Figure 10 shows a schematic of the monitoring system. The digital data from the cameras were processed in the image processor. As a result of the processed data, the reaction desired to be applied in the scenario was transmitted to the robot arm via the robot controller. Decelerate or stop command was sent back by the processor to the robot arm within a response time.

As a result of the optimization problem, a solution set or a solution point was obtained. In optimization problems involving multiple constraints, fractional programming is a beneficial method to find a practical solution set so that the decision maker can choose the most suitable one among the alternatives in the solution set.

Frame frequency (measured in frames per second, FPS) is the rate at which consecutive images, called frames, appear on display. Capturing and analyzing images from the camera is directly related to frame frequency because it directly affects the operating time of the system. At 23 FPS, an image was taken from a camera in 0.0434 s, and the response time could not be shorter.

In industrial systems, a system with two cameras is sufficient if the maximum height at which the camera can be placed is not too low. In case of a ceiling height is not enough, the analysis suggests a three-camera system. It may not be desirable to use the optimal camera lens angle in every system. In such cases, the most suitable camera heights can be determined by analyzing the available camera angles in a mathematical model.

3.3. Image Characterization of the Camera(s) at Optimal and Nonoptimal Locations

Before the validation experiments of the proposed design, the solution of the optimization problem needs to be verified.
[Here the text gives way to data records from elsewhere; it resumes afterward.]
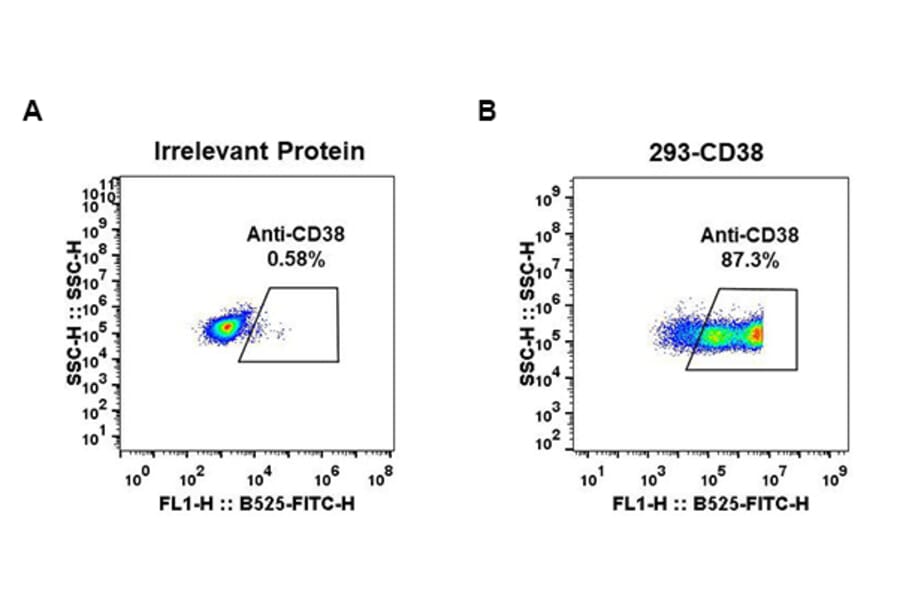 Flow Cytometry - Anti-CD38 Antibody [DM28] - BSA and Azide free (A318665) - Antibodies.com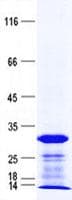Human UTP23 Protein (Recombinant His, N-Terminal)
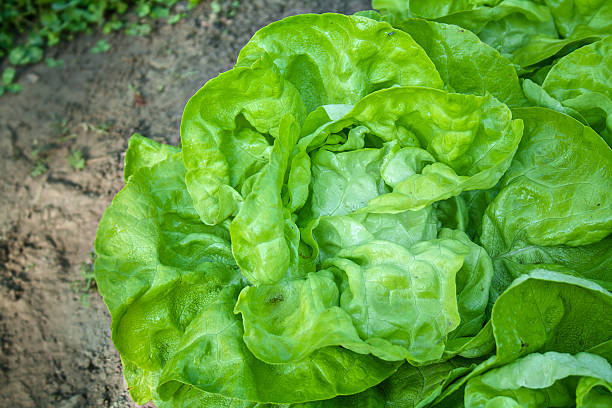 lechuga frescas - vegetable garden vegetable high angle view weeding fotografías e imágenes de stock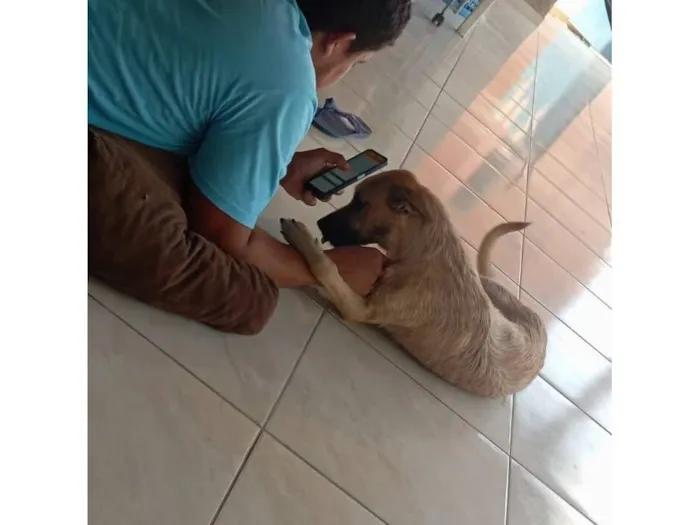 Cachorro raça SRD-ViraLata idade 1 ano nome Ralph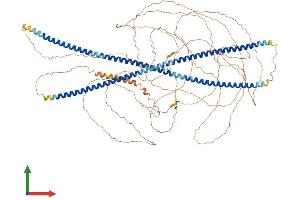 Protein Structure (PS) image for Neurofilament, Heavy Polypeptide (NEFH) (AA 1-1090) protein (His tag) (ABIN7562937)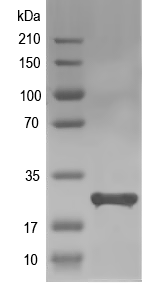 Western blot of ribB recombinant protein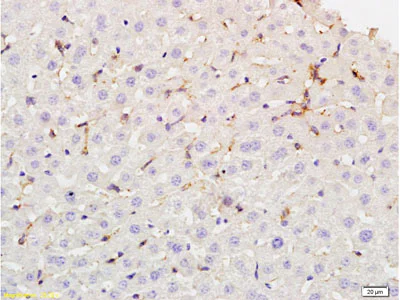 Immunohistochemistry (Formalin/PFA-fixed paraffin-embedded sections) - Anti-CD32B (phospho Y292) antibody (AB203877)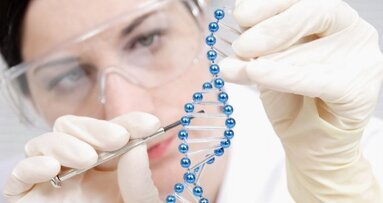 Wachstum von Tumorzellen durch verschwundenes Erbgut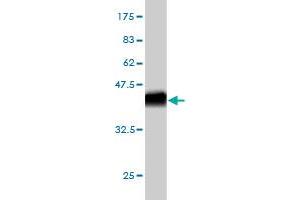 Western Blotting (WB) image for anti-Cadherin 18, Type 2 (CDH18) (AA 467-576) antibody (ABIN560285)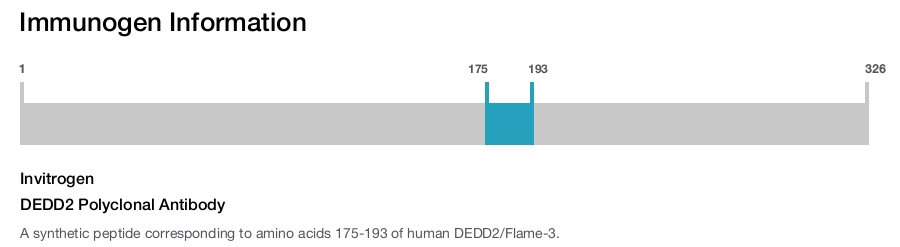 DEDD2 Polyclonal Antibody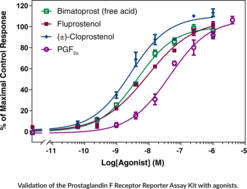 Prostaglandin F Receptor Reporter Assay Kit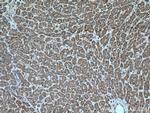 VEGFA Antibody in Immunohistochemistry (Paraffin) (IHC (P))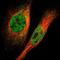 KIAA0014 antibody, NBP1-81557, Novus Biologicals, Immunofluorescence image 
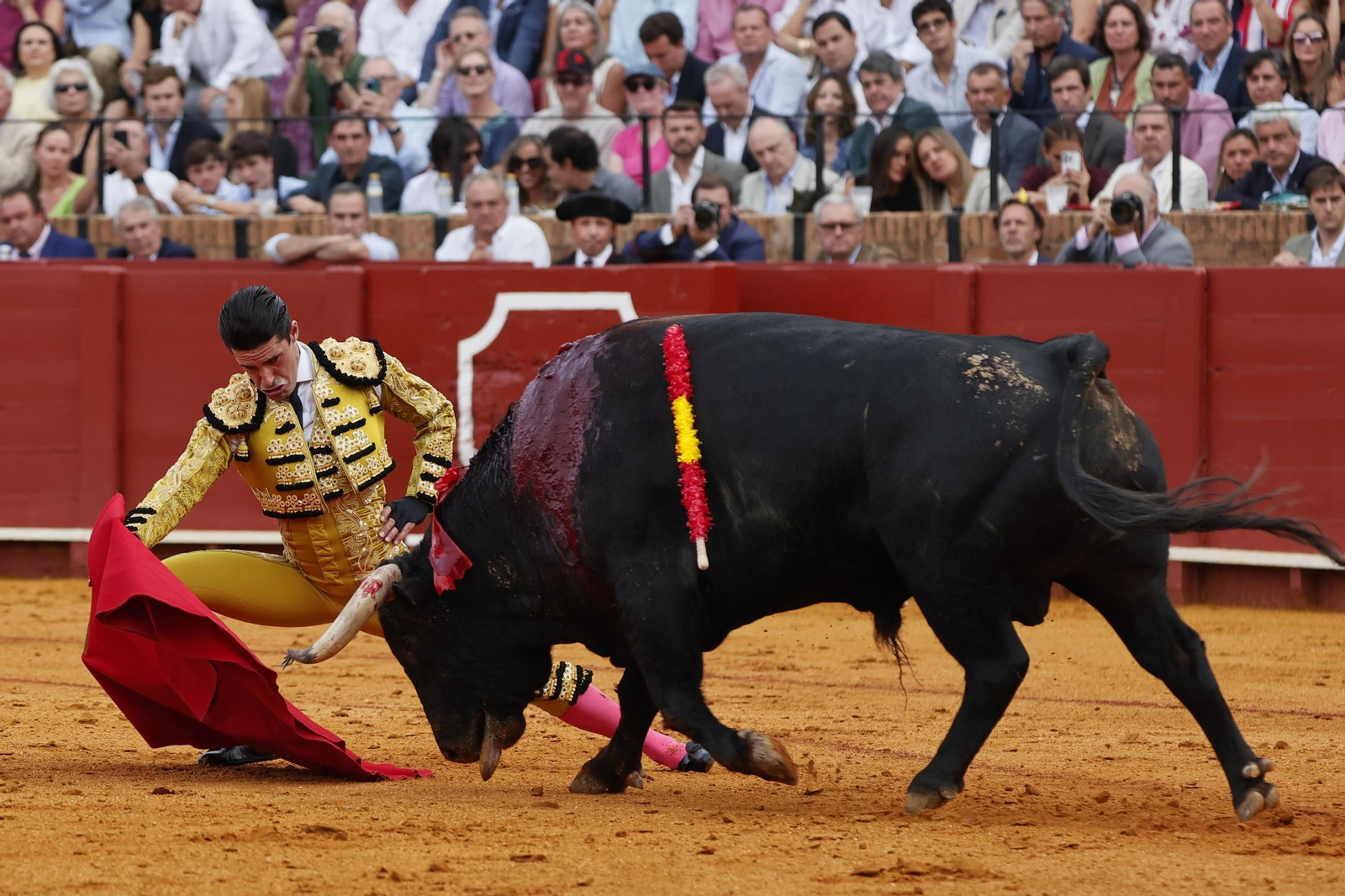 Las imágenes del festejo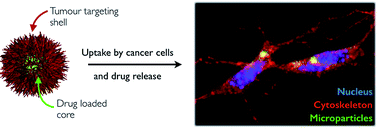 Graphical abstract: Alginate–peptide amphiphile core–shell microparticles as a targeted drug delivery system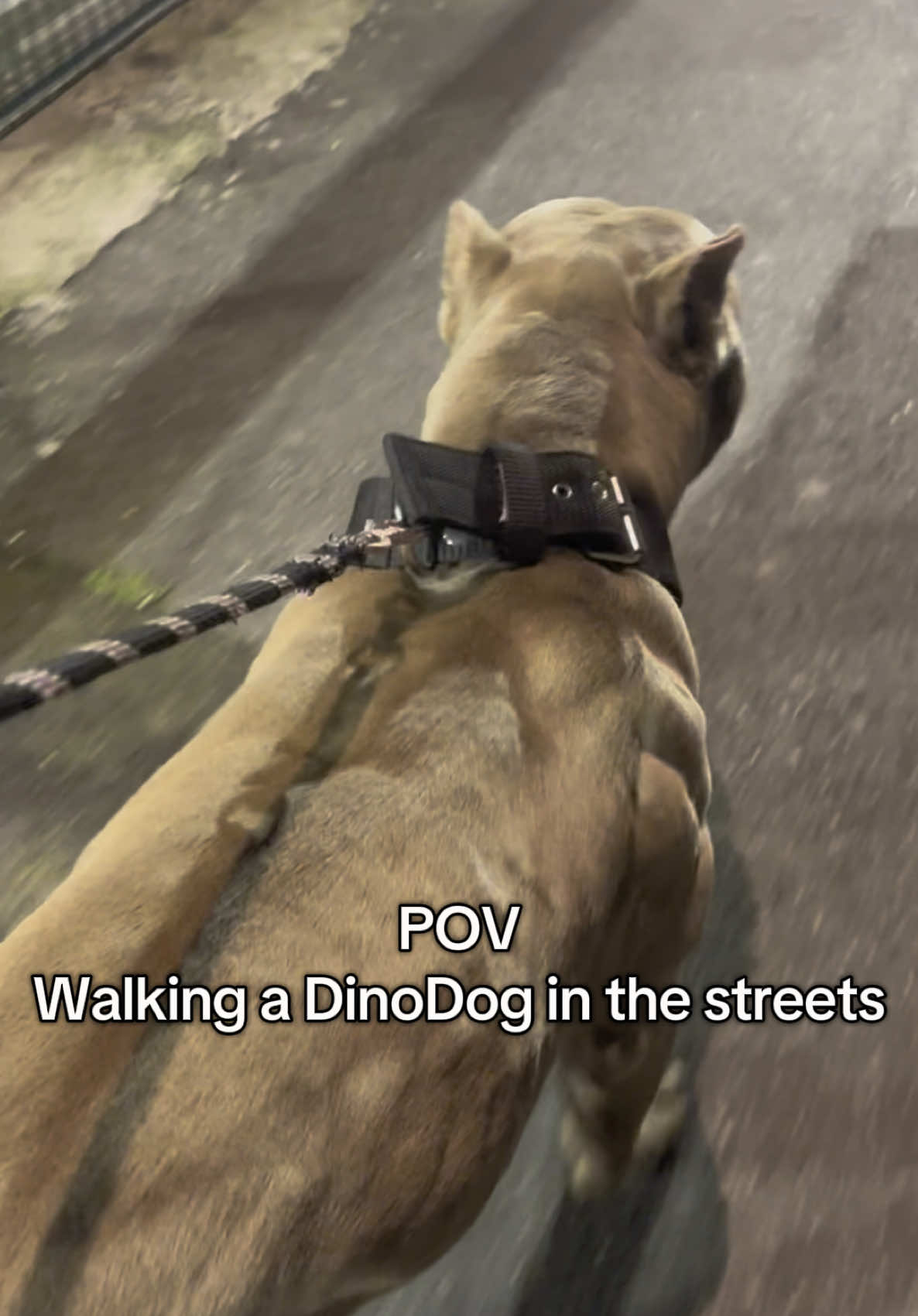 Walking a DinoDog in the streets 🦖 - - - - - - #pourtoi #forupage #foryou #bully #xlbully #viral #video #viralvideos #viralvideosofficial #power #sport #viral_video #bullymale #foryoupage❤️❤️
The leftmost image in Figure 11 shows the area scanned by a camera at optimal placement. The two images in the upper right show the red areas that occur with the positive and negative change of the camera orientation angle. The two images in the lower right show the red areas with the positive and negative variation of the camera height. As can be seen from the figure, there is a difference between the blue area to be scanned and the red areas formed as a result of the changes. To express this difference technically, an artificial intelligence algorithm is designed to give the similarity between the reference image and the altered images.

Eight different image classes were generated based on images taken from modified (increased and decreased) nonoptimal camera heights and orientation angles. About 500 images were taken from each of these 8 classes. These images were used to train the ResNet-152 deep learning algorithm.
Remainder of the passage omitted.